The ultimate impact of the cap will be to limit the use of coal in China, which currently makes up more than 70 percent of consumption. We’ll be watching to see how this plays out on the national and provincial level.
Carbon Trading Systems
China will be setting up provincial carbon trading systems in 2012. Interestingly, the pilots in different places will be constructed differently. Just as U.S. states act as laboratories of change, the Chinese government uses pilots at the provincial level to test new ideas before scaling up across the country.
3. Rising Food Demand and Opportunities
Demand for food is accelerating at a remarkable rate. The global middle class is expected to triple within the next 20 years, changing the types of food people eat. There will be pressure to convert many of the remaining, pristine natural landscapes to food production. How we respond to this demand will have profound implications for biodiversity, forests and the global climate.
One solution to this problem is to restore degraded or significantly underproductive lands. Although estimates vary, a key study last year published in the Proceedings of the National Academy of Sciences found that somewhere between 600-700 million acres of degraded cropland has been abandoned over the past century, and a huge amount of that land (about four times the size of Texas) could be brought back into production.
4. Renewable Energy—Boom or Bust
Global investment in renewable energy is already approaching global investments in fossil fuels. Could 2012 be the year in which renewable energy investment surpasses fossil fuels?

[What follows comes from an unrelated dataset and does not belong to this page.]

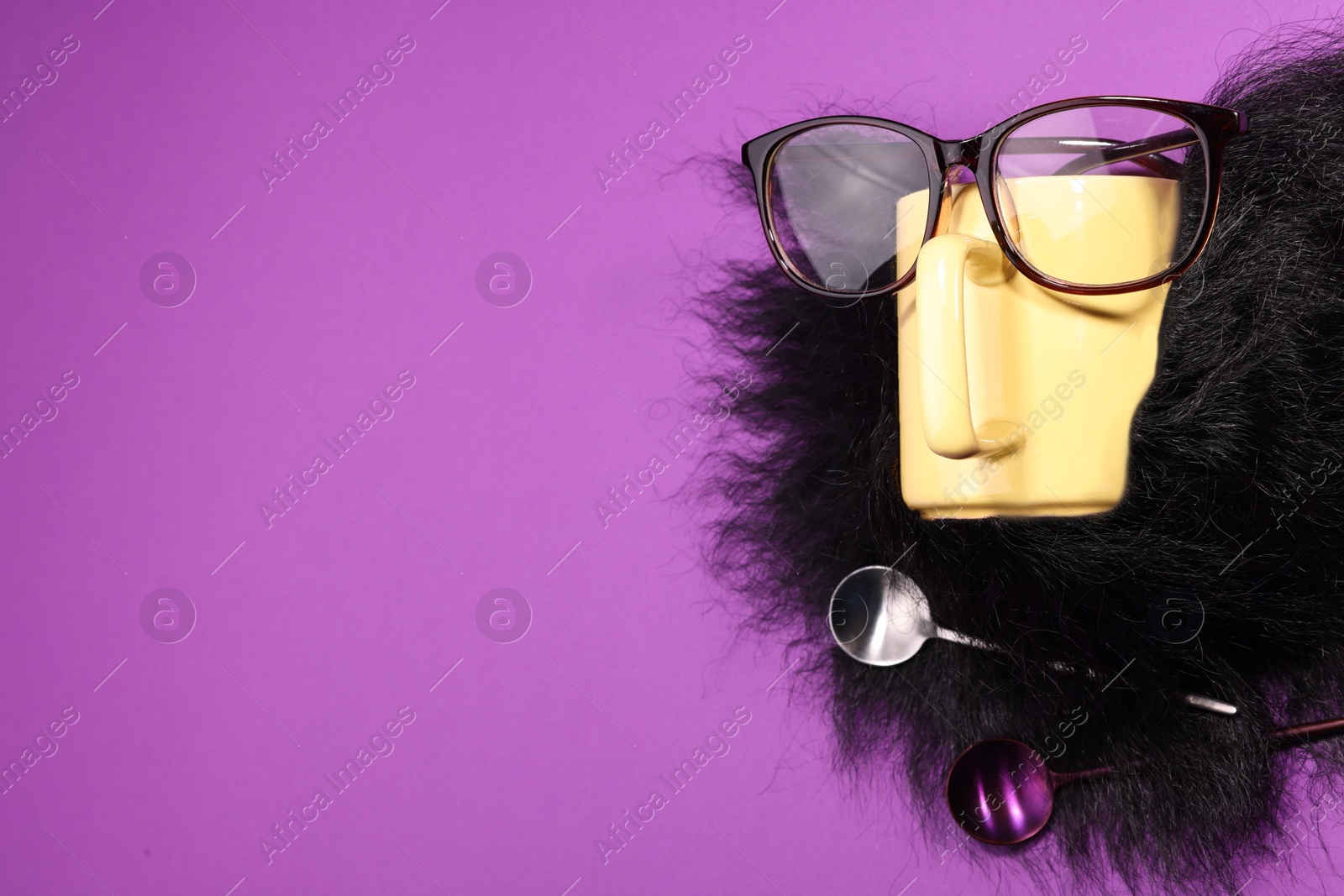 Photo of Man's face made of artificial beard, cup and glasses on purple background, top view. Space for text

This depends in part on two issues. First is the effect of the shale gas boom. Abundant, cheap shale gas may make it even more difficult for renewables to break into the market.
Second are government policy decisions, especially in the U.S., China, Germany and India. These will likely determine the scale of future investment in renewable energy. Will countries commit to steady and well-telegraphed renewable policies, as Germany has done successfully over the past few years, or will they cut renewable support under political and fiscal pressures?
In June 2012, more than 40,000 people are expected to convene for the Rio+20 Conference in Brazil. This is the fourth historic global environmental summit, following Stockholm in 1972, Rio in 1992, and Johannesburg in 2002. But, with just six months to go, vision for the conference is only now beginning to emerge. I am therefore doubtful that major breakthroughs will emerge from the official process. That said, we may see exciting action emerge from the bottom up—via a subset of governments or from civil society or from the business sector or a combination of them.
For example, we expect to see governments make commitments to energy access, and around water security, food security and governance. If so, we could see some significant developments in Rio.
When we look to 2012, we see that a movement toward sustainability is underway in many places around the globe. It is collapsing the boundaries between economics and environment, and is re-defining concepts of what constitutes quality of life and national security. We observe it is being driven not just by altruism, but by necessity—long-term business strategies, political calculations, re-valuing natural resources and in many instances survival for many people.